Olympics past, present and future put the hop, skip and jump into this pair of Proms. Chen Yi's Olympic Fire came first in Leonard Slatkin's programme with the Royal Philharmonic – only fitting on the opening day of the Beijing Games. But had this crowd-pleaser been written by anyone but a Chinese national, we'd have considered it a cheesy Western imitation of traditional Chinese music. Chen Yi's future was brutally put on hold during the Cultural Revolution and compulsory "re-education" has clearly informed her work.
The Olympic fire spluttered through the relentlessly motoric outer sections. The spirit of competition was present in the percussion section, with a virtuosic last-minute spurt from the RPO's timpanist, Matt Perry, snatching the gold from his colleague on xylophone.
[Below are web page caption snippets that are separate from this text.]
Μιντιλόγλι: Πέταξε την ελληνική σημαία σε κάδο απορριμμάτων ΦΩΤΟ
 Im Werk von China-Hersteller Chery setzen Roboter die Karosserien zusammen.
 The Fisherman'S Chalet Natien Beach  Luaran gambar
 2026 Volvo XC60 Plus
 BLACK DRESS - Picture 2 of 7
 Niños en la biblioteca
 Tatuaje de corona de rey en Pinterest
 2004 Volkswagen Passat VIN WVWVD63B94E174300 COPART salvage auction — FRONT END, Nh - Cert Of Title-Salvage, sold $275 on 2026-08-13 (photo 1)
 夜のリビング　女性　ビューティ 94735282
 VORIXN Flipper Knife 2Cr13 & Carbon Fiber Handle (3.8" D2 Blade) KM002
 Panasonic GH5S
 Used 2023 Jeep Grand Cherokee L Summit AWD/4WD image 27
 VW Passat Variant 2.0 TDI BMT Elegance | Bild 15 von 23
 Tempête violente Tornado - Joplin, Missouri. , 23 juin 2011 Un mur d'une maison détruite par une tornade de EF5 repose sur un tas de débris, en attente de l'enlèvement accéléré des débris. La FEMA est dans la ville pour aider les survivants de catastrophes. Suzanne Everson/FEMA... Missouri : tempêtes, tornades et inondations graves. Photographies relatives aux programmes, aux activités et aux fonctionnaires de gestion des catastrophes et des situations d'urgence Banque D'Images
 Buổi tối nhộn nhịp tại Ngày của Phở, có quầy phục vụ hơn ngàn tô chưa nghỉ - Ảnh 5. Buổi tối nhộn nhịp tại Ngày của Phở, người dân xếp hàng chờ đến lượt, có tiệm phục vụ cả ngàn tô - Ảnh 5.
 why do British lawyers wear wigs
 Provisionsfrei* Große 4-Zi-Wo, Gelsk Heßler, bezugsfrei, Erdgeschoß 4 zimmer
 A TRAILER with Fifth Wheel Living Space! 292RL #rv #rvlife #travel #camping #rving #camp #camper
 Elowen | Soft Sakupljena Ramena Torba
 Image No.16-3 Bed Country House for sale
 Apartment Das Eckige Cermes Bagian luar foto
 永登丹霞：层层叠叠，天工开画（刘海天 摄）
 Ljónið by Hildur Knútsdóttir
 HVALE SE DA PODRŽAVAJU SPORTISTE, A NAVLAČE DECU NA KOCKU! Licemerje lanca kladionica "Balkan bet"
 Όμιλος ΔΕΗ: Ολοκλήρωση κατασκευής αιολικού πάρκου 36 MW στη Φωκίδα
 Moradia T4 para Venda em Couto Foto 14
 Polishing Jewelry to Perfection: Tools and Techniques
A bronze for Chen Yi.
And for Olga Kern in Rachmaninov's Rhapsody on a Theme of Paganini. One felt the kinship between her and Slatkin throughout – an essential part of the work's intricate alchemy. But for all her pianistic elegance, and her beautiful, unforced sound, this was a performance lacking in vital capriciousness and passion.
We were back in business with Slatkin's sweeping account of Vaughan Williams's Sixth Symphony. Rarely can its cynical tub-thumping have disintegrated into so uneasy and numbing a pretence of peace.